Web page caption snippets:
=== Begin Enclosure ===

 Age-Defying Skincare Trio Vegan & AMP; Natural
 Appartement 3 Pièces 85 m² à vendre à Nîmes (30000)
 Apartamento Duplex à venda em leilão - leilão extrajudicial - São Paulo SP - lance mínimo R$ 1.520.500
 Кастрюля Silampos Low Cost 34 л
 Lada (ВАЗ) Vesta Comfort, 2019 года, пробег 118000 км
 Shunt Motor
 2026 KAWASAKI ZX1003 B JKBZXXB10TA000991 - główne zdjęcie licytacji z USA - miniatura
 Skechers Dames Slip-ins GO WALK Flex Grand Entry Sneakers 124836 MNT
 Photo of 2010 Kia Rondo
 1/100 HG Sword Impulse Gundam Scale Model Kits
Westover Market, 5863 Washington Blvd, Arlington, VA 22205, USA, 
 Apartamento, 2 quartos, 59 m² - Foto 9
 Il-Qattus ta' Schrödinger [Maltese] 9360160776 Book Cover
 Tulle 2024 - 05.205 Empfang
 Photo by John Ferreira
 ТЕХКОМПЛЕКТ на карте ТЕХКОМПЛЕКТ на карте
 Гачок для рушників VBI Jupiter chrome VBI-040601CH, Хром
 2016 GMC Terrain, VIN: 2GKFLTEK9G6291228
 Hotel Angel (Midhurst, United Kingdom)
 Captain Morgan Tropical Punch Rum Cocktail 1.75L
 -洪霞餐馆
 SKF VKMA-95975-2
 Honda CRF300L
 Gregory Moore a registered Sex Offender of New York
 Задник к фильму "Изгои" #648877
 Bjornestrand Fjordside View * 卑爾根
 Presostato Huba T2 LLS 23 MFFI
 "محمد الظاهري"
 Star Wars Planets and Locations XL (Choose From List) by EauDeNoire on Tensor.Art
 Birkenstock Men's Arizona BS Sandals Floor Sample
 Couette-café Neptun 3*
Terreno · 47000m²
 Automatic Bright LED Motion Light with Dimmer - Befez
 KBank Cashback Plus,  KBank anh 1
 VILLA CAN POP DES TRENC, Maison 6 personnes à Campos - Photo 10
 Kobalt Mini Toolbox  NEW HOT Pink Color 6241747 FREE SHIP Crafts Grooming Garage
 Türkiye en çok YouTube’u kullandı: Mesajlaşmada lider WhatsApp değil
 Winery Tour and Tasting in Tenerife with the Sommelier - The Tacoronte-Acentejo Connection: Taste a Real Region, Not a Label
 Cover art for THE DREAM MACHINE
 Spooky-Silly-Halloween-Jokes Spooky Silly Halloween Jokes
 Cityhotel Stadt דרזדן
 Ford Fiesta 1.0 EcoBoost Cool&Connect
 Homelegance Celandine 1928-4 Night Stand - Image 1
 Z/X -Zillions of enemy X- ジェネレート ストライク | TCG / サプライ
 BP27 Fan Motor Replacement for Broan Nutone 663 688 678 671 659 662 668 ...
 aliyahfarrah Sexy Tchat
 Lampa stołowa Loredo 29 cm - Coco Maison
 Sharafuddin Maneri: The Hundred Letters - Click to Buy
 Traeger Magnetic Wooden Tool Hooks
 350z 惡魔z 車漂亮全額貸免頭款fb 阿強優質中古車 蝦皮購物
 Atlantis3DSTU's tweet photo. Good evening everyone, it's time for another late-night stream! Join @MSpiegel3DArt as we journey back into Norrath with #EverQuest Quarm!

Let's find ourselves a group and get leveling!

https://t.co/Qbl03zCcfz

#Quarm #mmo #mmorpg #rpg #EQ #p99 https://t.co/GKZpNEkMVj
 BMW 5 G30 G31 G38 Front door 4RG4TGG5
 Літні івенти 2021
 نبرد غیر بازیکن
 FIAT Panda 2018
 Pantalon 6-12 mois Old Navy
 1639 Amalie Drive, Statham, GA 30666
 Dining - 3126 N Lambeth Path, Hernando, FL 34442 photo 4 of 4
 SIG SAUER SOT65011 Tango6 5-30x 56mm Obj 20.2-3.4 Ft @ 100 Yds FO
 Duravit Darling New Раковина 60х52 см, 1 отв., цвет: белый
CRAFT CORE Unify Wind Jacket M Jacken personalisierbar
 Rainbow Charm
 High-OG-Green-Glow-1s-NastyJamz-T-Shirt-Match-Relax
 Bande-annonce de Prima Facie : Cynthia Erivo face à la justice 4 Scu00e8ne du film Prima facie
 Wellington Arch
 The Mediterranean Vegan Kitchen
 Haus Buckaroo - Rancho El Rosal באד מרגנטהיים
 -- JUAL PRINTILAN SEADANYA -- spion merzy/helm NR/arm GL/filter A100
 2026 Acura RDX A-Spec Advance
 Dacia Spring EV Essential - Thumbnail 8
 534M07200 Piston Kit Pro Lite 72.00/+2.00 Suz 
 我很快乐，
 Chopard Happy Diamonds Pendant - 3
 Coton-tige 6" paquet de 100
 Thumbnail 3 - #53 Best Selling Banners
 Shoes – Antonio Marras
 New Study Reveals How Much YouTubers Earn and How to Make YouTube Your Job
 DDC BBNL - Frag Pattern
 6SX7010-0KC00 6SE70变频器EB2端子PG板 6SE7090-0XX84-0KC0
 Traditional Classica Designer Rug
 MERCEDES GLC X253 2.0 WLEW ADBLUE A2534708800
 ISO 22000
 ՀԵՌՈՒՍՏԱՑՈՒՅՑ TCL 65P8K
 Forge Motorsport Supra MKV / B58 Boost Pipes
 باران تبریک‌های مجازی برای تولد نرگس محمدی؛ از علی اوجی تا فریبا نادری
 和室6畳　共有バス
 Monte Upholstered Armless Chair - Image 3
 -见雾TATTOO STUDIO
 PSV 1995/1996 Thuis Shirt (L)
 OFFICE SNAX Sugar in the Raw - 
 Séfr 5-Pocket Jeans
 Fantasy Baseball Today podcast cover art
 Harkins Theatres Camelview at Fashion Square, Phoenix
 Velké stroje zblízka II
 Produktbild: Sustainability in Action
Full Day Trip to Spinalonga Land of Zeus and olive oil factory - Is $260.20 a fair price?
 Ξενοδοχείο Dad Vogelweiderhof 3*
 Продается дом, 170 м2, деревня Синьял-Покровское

=== End Enclosure ===

_EXERCISE INSTRUCTIONS:_
Would you write out all of the data exactly as given?

_RESPONSE AREA:_
 Age-Defying Skincare Trio Vegan & AMP; Natural
 Appartement 3 Pièces 85 m² à vendre à Nîmes (30000)
 Apartamento Duplex à venda em leilão - leilão extrajudicial - São Paulo SP - lance mínimo R$ 1.520.500
 Кастрюля Silampos Low Cost 34 л
 Lada (ВАЗ) Vesta Comfort, 2019 года, пробег 118000 км
 Shunt Motor
 2026 KAWASAKI ZX1003 B JKBZXXB10TA000991 - główne zdjęcie licytacji z USA - miniatura
 Skechers Dames Slip-ins GO WALK Flex Grand Entry Sneakers 124836 MNT
 Photo of 2010 Kia Rondo
 1/100 HG Sword Impulse Gundam Scale Model Kits
Westover Market, 5863 Washington Blvd, Arlington, VA 22205, USA, 
 Apartamento, 2 quartos, 59 m² - Foto 9
 Il-Qattus ta' Schrödinger [Maltese] 9360160776 Book Cover
 Tulle 2024 - 05.205 Empfang
 Photo by John Ferreira
 ТЕХКОМПЛЕКТ на карте ТЕХКОМПЛЕКТ на карте
 Гачок для рушників VBI Jupiter chrome VBI-040601CH, Хром
 2016 GMC Terrain, VIN: 2GKFLTEK9G6291228
 Hotel Angel (Midhurst, United Kingdom)
 Captain Morgan Tropical Punch Rum Cocktail 1.75L
 -洪霞餐馆
 SKF VKMA-95975-2
 Honda CRF300L
 Gregory Moore a registered Sex Offender of New York
 Задник к фильму "Изгои" #648877
 Bjornestrand Fjordside View * 卑爾根
 Presostato Huba T2 LLS 23 MFFI
 "محمد الظاهري"
 Star Wars Planets and Locations XL (Choose From List) by EauDeNoire on Tensor.Art
 Birkenstock Men's Arizona BS Sandals Floor Sample
 Couette-café Neptun 3*
Terreno · 47000m²
 Automatic Bright LED Motion Light with Dimmer - Befez
 KBank Cashback Plus,  KBank anh 1
 VILLA CAN POP DES TRENC, Maison 6 personnes à Campos - Photo 10
 Kobalt Mini Toolbox  NEW HOT Pink Color 6241747 FREE SHIP Crafts Grooming Garage
 Türkiye en çok YouTube’u kullandı: Mesajlaşmada lider WhatsApp değil
 Winery Tour and Tasting in Tenerife with the Sommelier - The Tacoronte-Acentejo Connection: Taste a Real Region, Not a Label
 Cover art for THE DREAM MACHINE
 Spooky-Silly-Halloween-Jokes Spooky Silly Halloween Jokes
 Cityhotel Stadt דרזדן
 Ford Fiesta 1.0 EcoBoost Cool&Connect
 Homelegance Celandine 1928-4 Night Stand - Image 1
 Z/X -Zillions of enemy X- ジェネレート ストライク | TCG / サプライ
 BP27 Fan Motor Replacement for Broan Nutone 663 688 678 671 659 662 668 ...
 aliyahfarrah Sexy Tchat
 Lampa stołowa Loredo 29 cm - Coco Maison
 Sharafuddin Maneri: The Hundred Letters - Click to Buy
 Traeger Magnetic Wooden Tool Hooks
 350z 惡魔z 車漂亮全額貸免頭款fb 阿強優質中古車 蝦皮購物
 Atlantis3DSTU's tweet photo. Good evening everyone, it's time for another late-night stream! Join @MSpiegel3DArt as we journey back into Norrath with #EverQuest Quarm!

Let's find ourselves a group and get leveling!

https://t.co/Qbl03zCcfz

#Quarm #mmo #mmorpg #rpg #EQ #p99 https://t.co/GKZpNEkMVj
 BMW 5 G30 G31 G38 Front door 4RG4TGG5
 Літні івенти 2021
 نبرد غیر بازیکن
 FIAT Panda 2018
 Pantalon 6-12 mois Old Navy
 1639 Amalie Drive, Statham, GA 30666
 Dining - 3126 N Lambeth Path, Hernando, FL 34442 photo 4 of 4
 SIG SAUER SOT65011 Tango6 5-30x 56mm Obj 20.2-3.4 Ft @ 100 Yds FO
 Duravit Darling New Раковина 60х52 см, 1 отв., цвет: белый
CRAFT CORE Unify Wind Jacket M Jacken personalisierbar
 Rainbow Charm
 High-OG-Green-Glow-1s-NastyJamz-T-Shirt-Match-Relax
 Bande-annonce de Prima Facie : Cynthia Erivo face à la justice 4 Scu00e8ne du film Prima facie
 Wellington Arch
 The Mediterranean Vegan Kitchen
 Haus Buckaroo - Rancho El Rosal באד מרגנטהיים
 -- JUAL PRINTILAN SEADANYA -- spion merzy/helm NR/arm GL/filter A100
 2026 Acura RDX A-Spec Advance
 Dacia Spring EV Essential - Thumbnail 8
 534M07200 Piston Kit Pro Lite 72.00/+2.00 Suz 
 我很快乐，
 Chopard Happy Diamonds Pendant - 3
 Coton-tige 6" paquet de 100
 Thumbnail 3 - #53 Best Selling Banners
 Shoes – Antonio Marras
 New Study Reveals How Much YouTubers Earn and How to Make YouTube Your Job
 DDC BBNL - Frag Pattern
 6SX7010-0KC00 6SE70变频器EB2端子PG板 6SE7090-0XX84-0KC0
 Traditional Classica Designer Rug
 MERCEDES GLC X253 2.0 WLEW ADBLUE A2534708800
 ISO 22000
 ՀԵՌՈՒՍՏԱՑՈՒՅՑ TCL 65P8K
 Forge Motorsport Supra MKV / B58 Boost Pipes
 باران تبریک‌های مجازی برای تولد نرگس محمدی؛ از علی اوجی تا فریبا نادری
 和室6畳　共有バス
 Monte Upholstered Armless Chair - Image 3
 -见雾TATTOO STUDIO
 PSV 1995/1996 Thuis Shirt (L)
 OFFICE SNAX Sugar in the Raw - 
 Séfr 5-Pocket Jeans
 Fantasy Baseball Today podcast cover art
 Harkins Theatres Camelview at Fashion Square, Phoenix
 Velké stroje zblízka II
 Produktbild: Sustainability in Action
Full Day Trip to Spinalonga Land of Zeus and olive oil factory - Is $260.20 a fair price?
 Ξενοδοχείο Dad Vogelweiderhof 3*
 Продается дом, 170 м2, деревня Синьял-Покровское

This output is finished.